The dated filenames provide implicit temporal context, but only if the model reasons about them — the search itself is purely semantic.

Skills

Discussed here. More important for this discussion is how skills work in OpenClaw.

The system prompt (src/agents/system-prompt.ts) tells the agent:

scan available skills before replying - if exactly one clearly applies, read its SKILL.md and follow it. if multiple could apply, pick the most specific. if none apply, skip. the model makes the selection. there is no routing layer.

No autonomous Skill creation

Contrary to what I thought, there is no prompt or functionality anywhere in the codebase that suggests it creates skills autonomously. Specifically, there is no evaluator agent that determines if this is a repeatable request; there is no nudging in the system prompt or any markdown file. The user must explicitly ask the assistant to build a new skill or plugin. Anything done ad-hoc may be partially captured in the memory system (not a guarantee), but even if it is captured there is no guarantee a repeatable process will be followed unless a skill or plugin is explicitly created.

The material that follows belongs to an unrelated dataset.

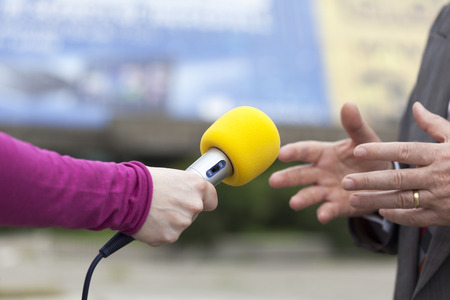 Press interviewの写真素材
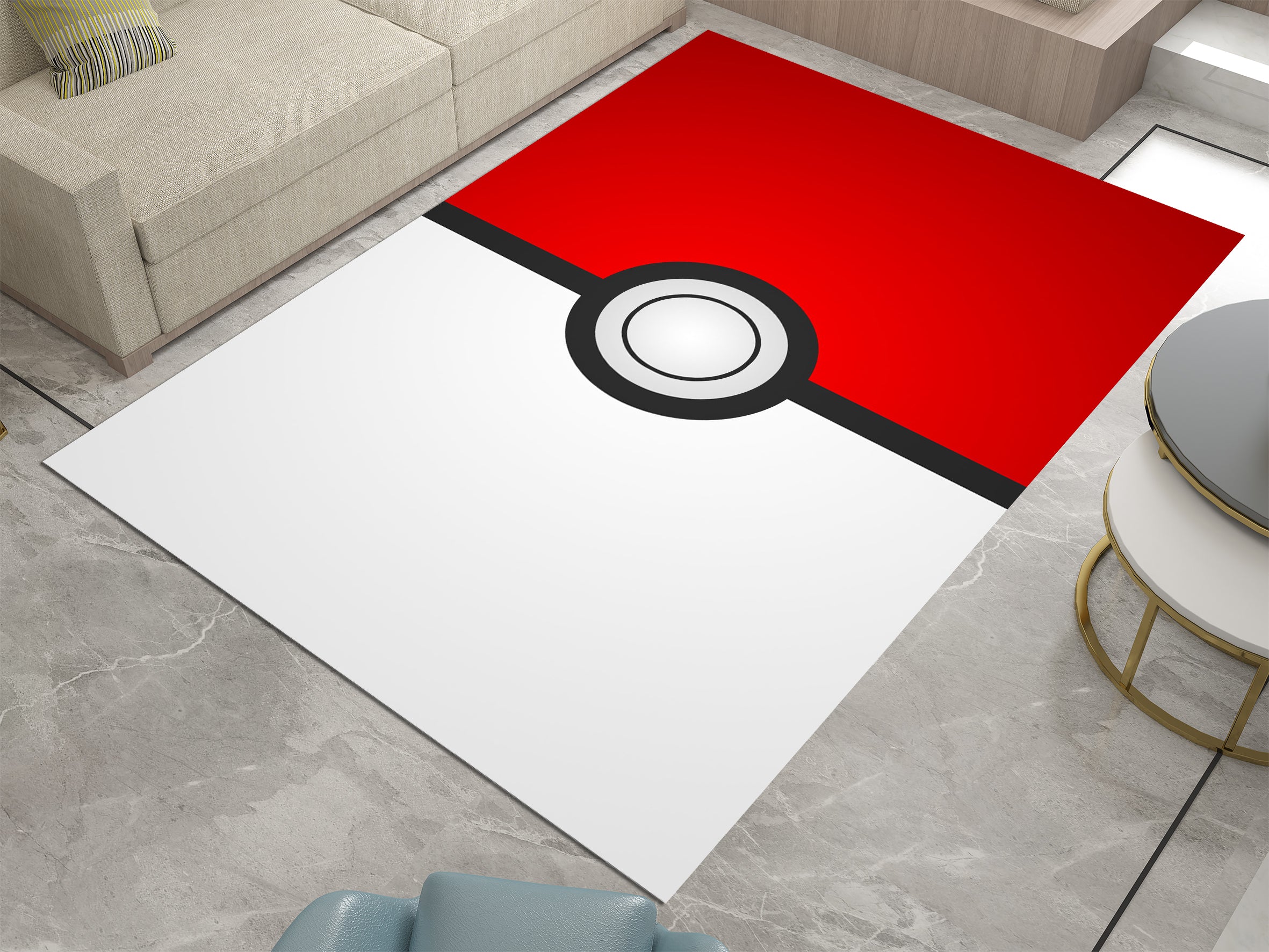 Pokémon Poké Ball Rug – Perfect for Trainers and Fans, Anime Carpet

Note there is a whole 'skill sharing' ecosystem such as https://clawhub.com or the (in)famous MoltBook (that encourages skill sharing amongst bots). The details of this I am not interested in at the moment.

Hot-reload

Say a new skill was created or added - how does the agent actually use it in the flow of an existing chat? There is a 'hot reload' feature (specifically a chokidar file watcher) that a new skills acquired can be used in the current chat.

Plugins

For functionality that needs actual executable code (not just markdown instructions), OpenClaw has a plugin system (OpenClaw's own implementation, not from pi). These is notable as it relies on pi's philosophy to let the agent write code for itself, but these are not MCP or Skills. A plugin is a typescript module with a JSON manifest. For the sake of this post, its important to know about this without diving deep into it - we can check src/plugins/types.ts if we're ever interested. The takeaway for plugins is they use the OpenClaw event system (hooks) once registered in order to execute at specific times.

The Takeaway

Some clever engineering, relying on minimalist tools like pi, and capable LLMs make this an interesting project.